O tema do livro é o culminar de um lugar e um tempo que me suscitam muito interesse (URSS, século XX). A minha proximidade e experiência no desporto, particularmente nos desportos de combate, permitiram-me um à vontade imenso na construção do quotidiano do protagonista. A criação do Aleksey está assenta numa figura bélica, combativa e perseverante, com uma personalidade sensível e introspetiva que, para além de trazer à narrativa um conflito intrapessoal, também quebra um pouco com o arquétipo do mesmo (escapando ao cliché do atleta/herói).
Quais foram as inspirações para escreveres este livro?

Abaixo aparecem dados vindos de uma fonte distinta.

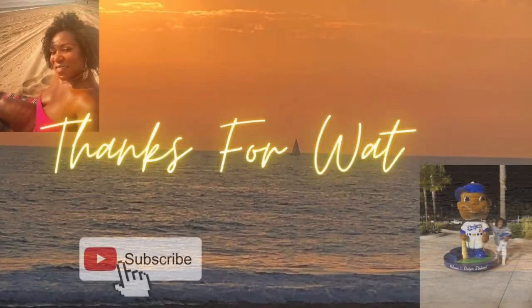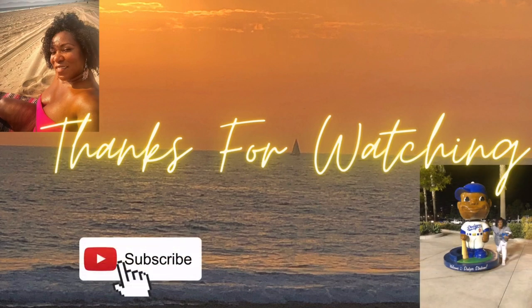So if you made it this far, thank you again for watching, and have a great day, or wherever the day may lead you. Thank you, thank you, thank you.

As minhas principais inspirações residem em autores como Jack London, George Orwell e Fiódor Dostoiévski. Muito distantes uns dos outros, eu sei, no entanto, sinto que tais diferenças me permitiram adotar um estilo híbrido e versátil. Quanto à narrativa, inspirei-me (naturalmente) em referências culturais da produção audiovisual (como o Rocky) que retratam enredos com pontos semelhantes e converti-as numa estória que, a meu ver, se enquadra mais num equilíbrio de perspetivas. Evitei centrar-me demasiado na realidade desportiva e competitiva do protagonista e optei por “dar palco” a outras questões, nomeadamente da sua contemporaneidade, dos lugares do seu tempo, das gentes do seu tempo, das questões internas com que se debatia, etc..
Sobre que temas gostas de escrever?
Gosto, essencialmente, de temas que despertem no leitor alguma reflexão sobre os mesmos. Não têm que, obrigatoriamente, levá-lo a questões existenciais, mas procuro que, no final da narrativa, existam mais questões do que respostas.
De forma mais concreta, identifico-me com personagens que fogem ao padrão e aos arquétipos típicos na construção de narrativas (apesar de ser uma missão quase utópica). Acho também que tais narrativas só têm significado quando se expõe a fragilidade e as adversidades das personagens pois, a meu ver, aproxima o leitor das mesmas e atribuem à ficção um pouco de realidade, refletindo os fenómenos do quotidiano no qual os homens são falíveis e alvo de fragilidade e vulnerabilidade.
O que gostarias de ouvir dos leitores?
Confesso que todo e qualquer feedback me é gratificante (é sinal que contactaram com a obra). Aquilo que eu espero ouvir dos leitores é que se identificaram com a estória, com as personagens e com o percurso do Aleksey. Também gosto de ouvir alguma resignação acerca de alguns desfechos pois, na minha opinião, demonstra um envolvimento emocional com a obra.
Críticas também me deixam muito satisfeito. Porque é sinal de que tenho outras perspetivas a abordar e aspetos onde posso evoluir e aprender.
Que mensagem quiseste deixar ao leitor com o livro?
Não tenho uma mensagem concreta a deixar ao leitor, até porque, como referi anteriormente, gosto que seja o mesmo a detetá-la à sua maneira e à luz do seu pensamento e da relação com a obra, porém, deixo uma: quando escrevi este livro estávamos todos em contexto de confinamento. Durante o mesmo, senti que a população se fechou mais em si mesma e o contacto com o próximo (que tem diminuído à medida que a digitalização progride) decresceu ainda mais. Ao traçar o percurso de Aleskey no papel, percebi que é o contacto com o seu povo que lhe traz clarividência e respostas para as questões que o assombravam e para as incertezas constantes.
Penso que esta pode ser uma das mensagens a transmitir.